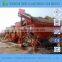 150t sand washing machine prices/ sand washer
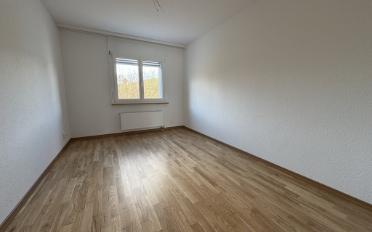 Appartement 4.5 pièces - image - 4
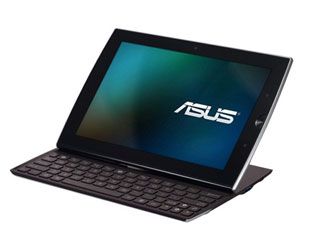 ��˶ EeePad Transformer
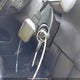 WBABJ5323SJC83099 1995 BMW 325 Ic auction photo thumbnail 11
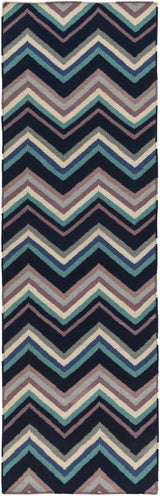 Gazelle Runner Rug
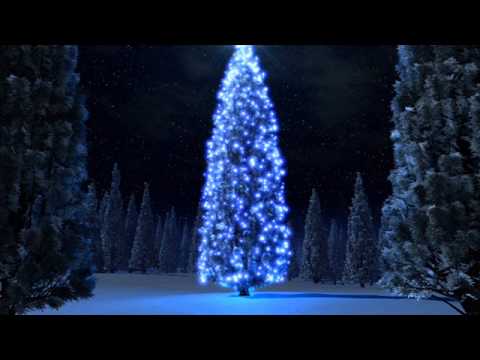 Jimmy Eat World - Last Christmas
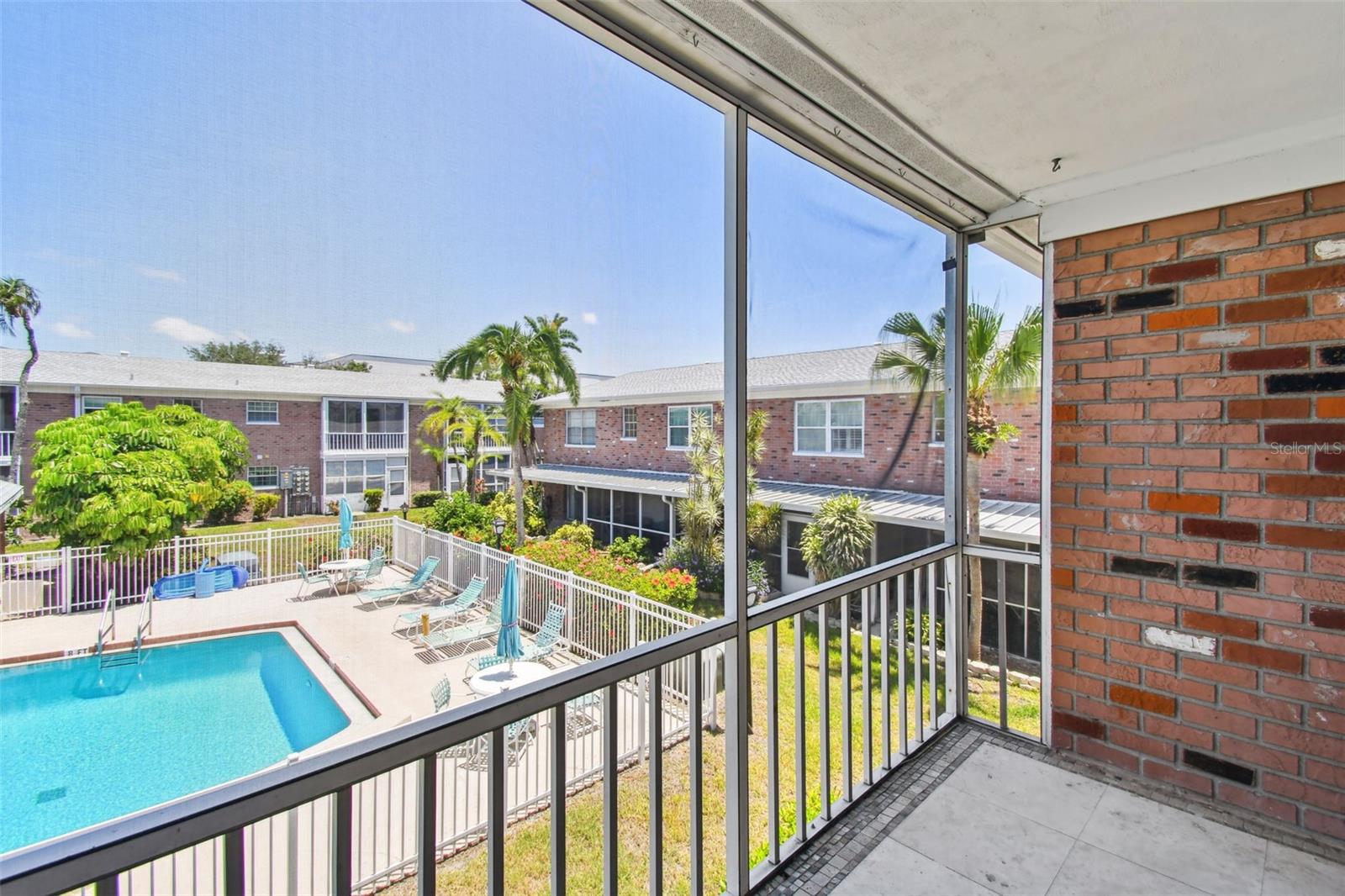 Image 18 of 28 For 3515 41st Terrace S 224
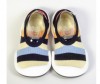  Komuello - Flat Kiddy stripe - Komuello - Flat Kiddy stripe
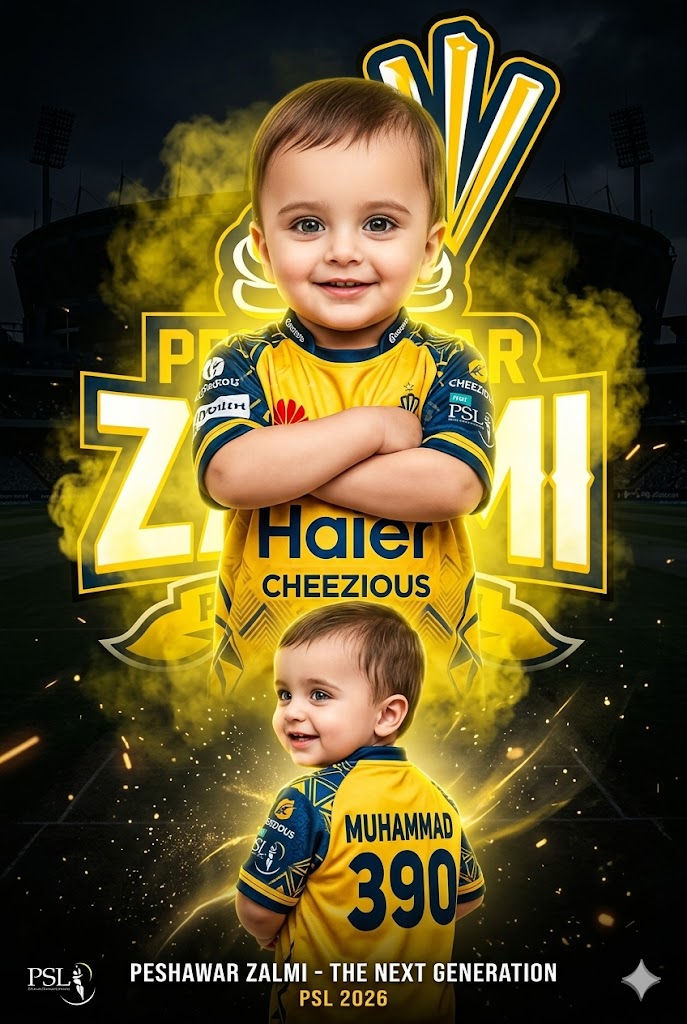@Muhammad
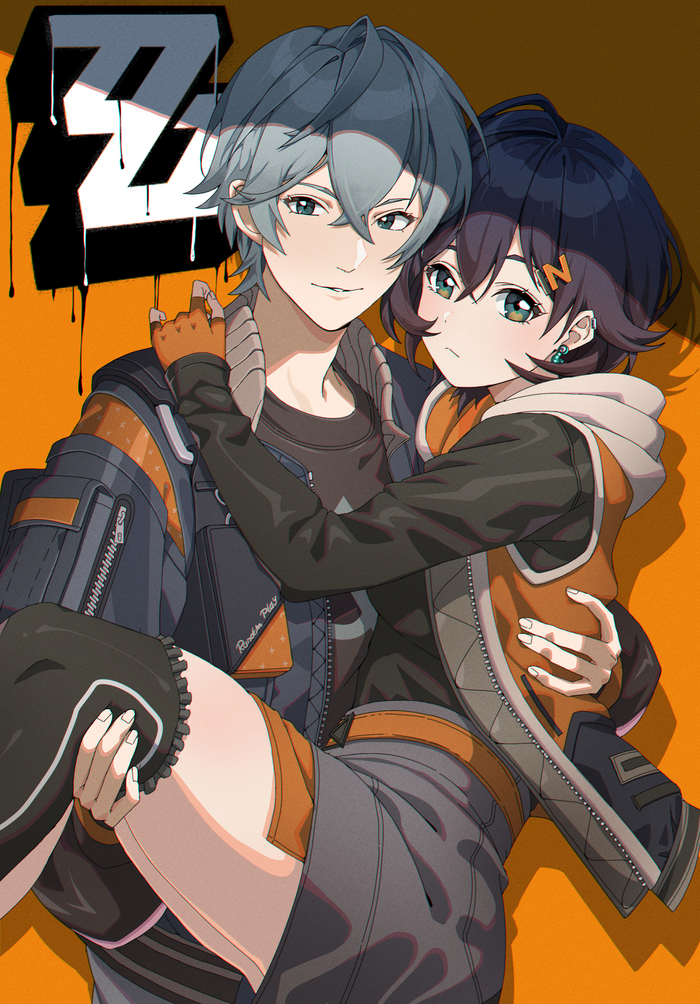 &#x1F49C;&#x1F49C;&#x1F49C;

__Exercise__
The lines to copy run from the line containing "Image 18 of 28 For 3515 41st Terrace S 224" through the end of the data above; copy exactly those, minus the pictures.

__Exercise answer__
 Image 18 of 28 For 3515 41st Terrace S 224
  Komuello - Flat Kiddy stripe - Komuello - Flat Kiddy stripe
@Muhammad
 &#x1F49C;&#x1F49C;&#x1F49C;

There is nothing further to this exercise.